Even though I went through all the effort to convince the seller that shipping it should be fine, I was still a bit anxious, especially at the moment the package arrived to me:
I guess this picture does not do it justice, but I was very disappointed in how the carrier (UPS) handled the package. In spite of the many fragile stickers on the box, it was pretty badly damaged. There was also some room for the unit to wiggle around in the box as I moved it. Thankfully a mountain of bubble wrap awaited me when I opened the box, giving me some reassurance that there wouldn't be an physical damage to the exterior of the unit:
After digging through all of the packaging, I was elated to see what I had asked for arrived to me pretty much intact:
The seller even left me a friendly message:
This thing is definitely even more impressive to see in person, in spite of how dirty it is. One thing I like about the 5100 with respect to its successors was the black and white color scheme of the keycaps, much like my beloved 3278. Furthermore this model supported both the BASIC and APL programming languages, and so there are APL characters on the keycaps as well.
The weight is also quite impressive at around 50 lb. In spite of how badly it was handled in transit, I could not see any visual damage to the case. This came right after seeing many people post some pictures of their keyboard cases getting ripped apart during transit on the mechkeys discord. Just goes to show how impeccable IBM's dedication was at the time in regards to selling products that were meant to last, in contrast to the mass market crap that we use today.
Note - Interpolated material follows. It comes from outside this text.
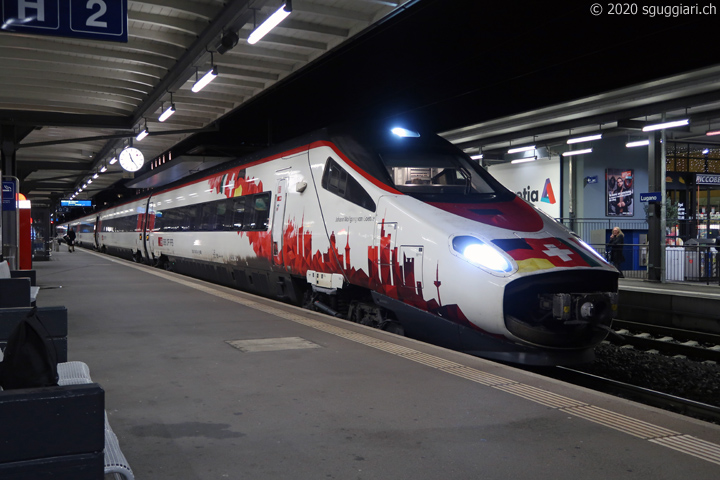 SBB RABe 503 022 'Johann Wolfgang von Goethe'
I still need to spend more time deconstructing the unit, but I managed to get one rather nice picture with the top off:
Does it work?
Unfortunately the short answer is no, and that is part of the reason for the price. The seller told me that it worked before he left it in storage. He tested it about a month ago and it was able to boot it until it failed in self test:
The seller's theory is that oxidation has caused a bad connections in the card cage. snuci reached out to me after I initially posted the news about my IBM 5100 acquisition last week, and warned me that I will very likely need to to fiddle with this part of the machine if I have any hopes of getting it to work. I couldn't resist the temptation and did attempt to turn the unit on before writing this post, but things have gotten worse in transit: The screen doesn't turn on and the "Process Check" light stays on. Most likely too much wiggle room in the box caused some of the components to get loose. I can't blame the seller for this since I said leaving the packaging up to the shipper would be fine based on my previous Unsaver experience. Goes to show that no carrier is consistent.
In any case, this is a story to be continued. My plan is to restore this machine to the best of my ability and ideally get it cleaned up and working, but I do not yet know if the latter is possible. My main priority right now will be to take the cage out and see how the cards look, then see how much improvement I can make after cleaning up the interior. I intend to take the keyboard module apart and examine that afterwards. This is all very much a work in progress.